Here are some useful things to know:
This relates to the structure of the house plus permanent fixtures and fittings that are part of the house such as kitchen units, toilets, sinks etc. Imagine taking the roof off the house and tipping upside down – whatever doesn’t fall out is generally considered “Buildings”.
This relates to the possessions that are easily moved and transported if you move house. Imagine taking the roof off the house and tipping upside down – whatever does fall out is generally considered “Contents”.
As well as the two main types of insurance explained above, here are a few other things you should consider.
Some insurers will cover your property up to a specified amount, others will ask for the rebuild value of your property. The rebuild cost is the amount it would cost to completely rebuild your home if it was destroyed beyond compare including the price of labour, cost of materials and removal of any existing materials. NB: The rebuild cost can be very different to the cost it would be to buy your home i.e. the market value.
Does your policy cover accidental damage? This means things like spilling paint on the carpet or nail through a water pipe. Most insurers will charge extra for accidental damage cover, so you must opt for it specifically when you take out your policy.
Locks & Burglar Alarms
Your insurer will also want to know information about external locking doors and windows. NB: If you forget to set the alarm or lock the door and you are burgled, this may affect your claim. Did you know that most burglaries take place between 10AM and 3PM, not at night!
High Value Items
Most insurers will cover you for valuable items in the home but you may be asked to specify any expensive items, which usually means items worth over £1000. NB: Don’t forget to add items if you buy any new things that fall into this category.
If you use your home as a business address you will need to declare that with your insurers as some may decline cover based on what your business is and if you have any visiting clients.
If you live in a listed building you will need to declare this when you take out your policy. This is mainly because the rebuild cost can be tricky to calculate - specialist craftsmen and materials may be required to restore the building to its original state.
Contents Outside of the Home (also known as Personal Possessions cover)
If you have any items you usually wear or take out of the home (watch, rings, glasses etc), you will need to request this cover. Similar to Valuables cover, if you have any items worth over £1000, you would need to specify these.
This is the fixed amount you have to pay if you make a claim. Your insurer will deduct this from any pay out they make. You can choose to increase the excess when you set up your policy and this should help to decrease the cost.
Holidays and travel
If you’re lucky enough to be going on a longer holiday than the norm, you need to check the unoccupancy period on your policy. If your property is left unoccupied for a significant stretch of time - usually 30 days or more – some insurers will not cover past this extended period. NB: Don’t advertise on social media that you are on holiday and your house will be empty!

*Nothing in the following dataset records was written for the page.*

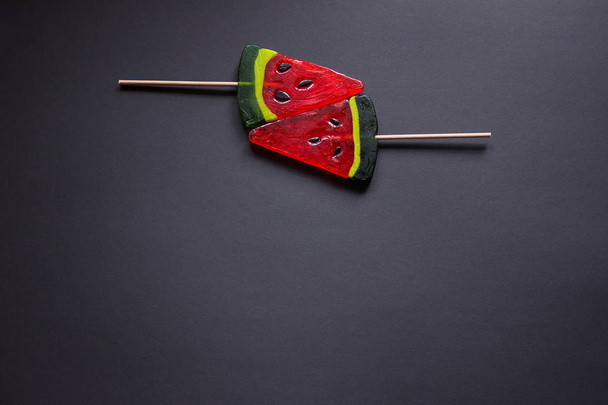 Two juicy lollipops in the shape of a watermelon on black backgr - Photo, image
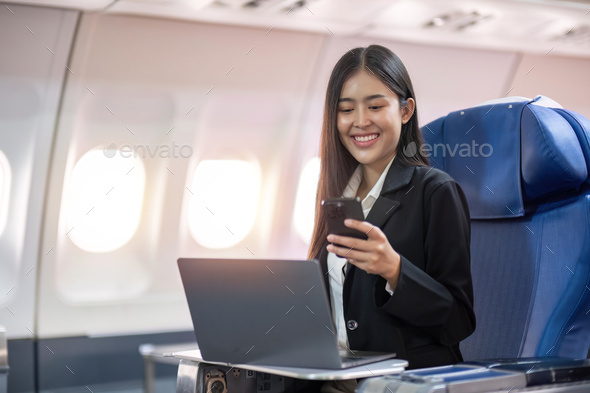 Traveling and technology. Flying at first class. Pretty young business woman using smartphone while - Stock Photo - Images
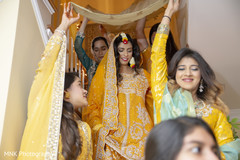Indian bride walking down the stairs on her yellow gown. Indian bride walking down the stairs on her yellow gown.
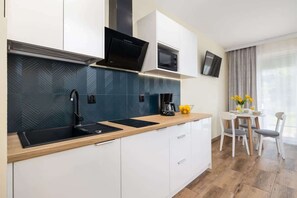 A modern kitchen with dark teal backsplash, white cabinets, and wooden countertops.
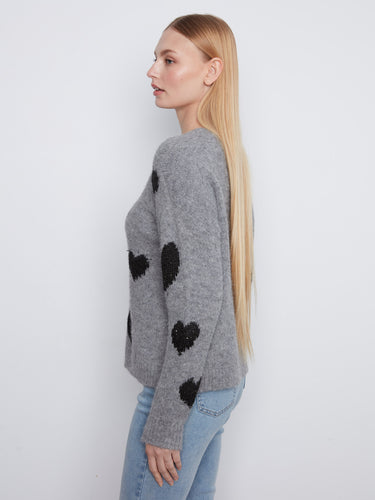 Embrace comfort with this grey sweater's drop shoulders, adorned with delicate heart designs. Created by Charlie B.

Professional tradesmen will have their own insurance, but if you’re intent on ‘doing it yourself’ it’s worth checking your policy first. Accidental damage cover should offer you piece of mind for minor mishaps, but if you’re undertaking some major renovations, extending up or out, you need to check any cover restrictions on your policy.
Your insurance policy will always have a list of excluded items, so make sure you read your documents to ensure you’re covered. General wear and tear to your possessions won’t be covered, which may seem pretty obvious, but there may also be less obvious exclusions such as cyber-attacks or lost data.
Always read and familiarise yourself with your own insurance documentation. If you’re in any doubt call your insurance company to check the details of your policy.